Stage Two of the ruse required the quarry to be flushed into the part of the game park where the hunters were lurking. Snowden’s three journalists had a mole among them, and the traitor lured Ed to Hong Kong in anticipation of Ed’s picking up a new 3rd country passport and tickets to his new home. Only the passport and trip fell through, leaving Snowden in the lurch in a Hong Kong hotel. The CIA presumably wanted him dead, and the MSS was circling, looking for its chance.

 

Stage Three was the copying of Ed’s NSA files by China as the price of a ticket out of Dodge. Note that Snowden has always denied giving China or Russia copies of the stolen NSA trove.

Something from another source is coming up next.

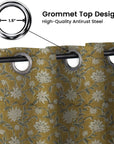 Floral Linen Blackout Curtains Hand Block Printed Indian Art For Living Room Bedroom Decor - Aradhana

And that’s pretty much where it should have ended, with Ed either locked up by China, expelled to some other country, or even extradited to the US for a show trial and incarceration. The botched Hong Kong detention request from the State Department to Hong Kong’s judiciary was a nice touch, an “Oh, so close” moment for those who subscribe to the Screw-up Theory. However, misspelling Ed’s middle name on the detention warrant, and the subsequent refusal of a Hong Kong court to have Snowden arrested on this technicality, was all part of the NSA’s scheme.

 

But Stage Three didn’t go as planned. The US cancelled Snowden’s passport while Aeroflot 312 was en route to Moscow. That shouldn’t have mattered: Snowden should have kept on going on the next day’s flight to Havana (where the US figured to pull the plug on his journey ahead of the final leg to Quito to preclude another Assange situation where a fugitive ends up in a high profile house arrest). Russia’s FSB now had Snowden, and the CIA wasn’t keen on their having the entire NSA cache, either. Ed has always maintained that he didn’t have the NSA files when he landed in Moscow. The US and UK intelligence communities assume that each of China and Russia has full sets… and June 2015 news reports suggest that both foes have broken the encryption. UK agents’ lifes were deemed to be at risk according to a report on the BBC website.

 

Stage Four was in the NSA trying to ensure that China took the bait by accepting the authenticity of the documents. That’s an ongoing operation, but with Snowden unaware that he’s being manipulated, it is seemingly going well. Except that neither China nor Russia hire imbeciles for counterespionage roles. And these paranoid types make a living suspecting the worst and making certain it isn’t the case. One of the better ways of determining whether or not the MSS had been scammed by the NSA was to make certain that the documents Snowden allegedly stole were authentic. (Meanwhile, the FSB wanted a set, too, for Mother Russia.)

 

Snowden was a patsy. Only some of the documents contained in Snowden’s haul were forgeries with 98% being as they seemed: a peek up the NSA’s skirt, warts-on-the-ugly bits and all. That last 2% isn’t completely phony: misinformation designed to tie them in knots in Beijing until it was too late.

 

Stage Five: The main objective was in providing the MSS just enough information that they could interpolate and extrapolate a complete (and ultimately fatally flawed) version of the NSA’s understanding of China’s cyber warfare capabilities. In response, the intelligence service mandarins would adjust their offensive and defensive capabilities in a manner that seemingly left them more protected. In fact, if China reacted as anticipated a version of Stuxnet (call it “v.3.0”) was lying in the weeds.

 

That seemingly small move from Point A to Point B left China vulnerable to Stuxnet 3.0. If the primary target is cyber warfare offense and defense, maybe passive monitoring (“one copy of everything on the menu”) by the NSA is enough. If it’s more targeted at nuclear command and control, maybe the ICBM launch computers won’t work, the missiles don’t fly or (diabolically) end up retargeted to land on other targets . . . including those in-country.

* * * * *

Watermen/Snowden is highly principled and patriotic. But as Grandpa used to say, “If you don’t know who the sucker is at the poker table, it means you’re the one!”